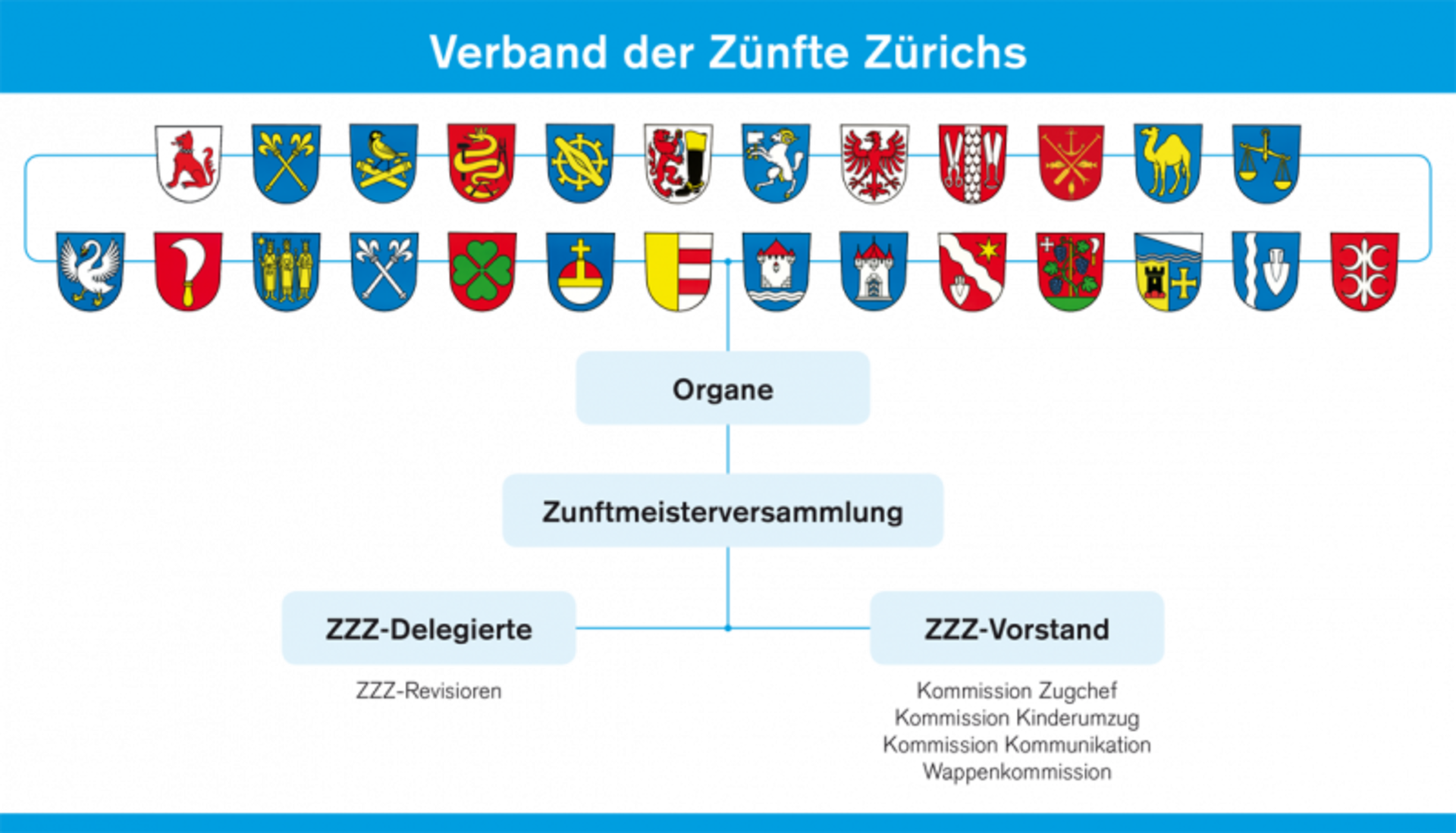 Zentralkomitee der Zünfte Zürichs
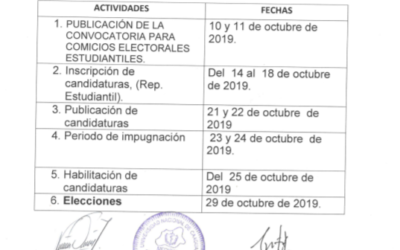 Elección de Representante Estudiantil -Periodo  2020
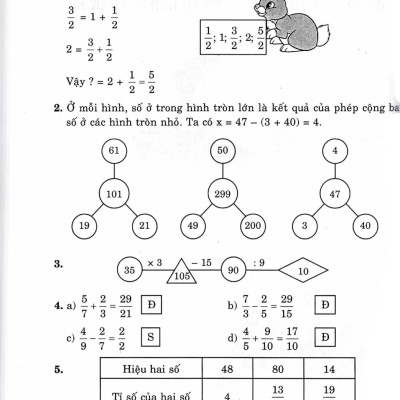 Phát Triển Trí Thông Minh Toán 5 (Dùng Chung Cho Các Bộ SGK Hiện Hành) - HA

■ About this exercise ■
Everything in the data above should be set down again exactly, except the pictures.

■ Result for this exercise ■
 Zentralkomitee der Zünfte Zürichs
 Elección de Representante Estudiantil -Periodo  2020
 Phát Triển Trí Thông Minh Toán 5 (Dùng Chung Cho Các Bộ SGK Hiện Hành) - HA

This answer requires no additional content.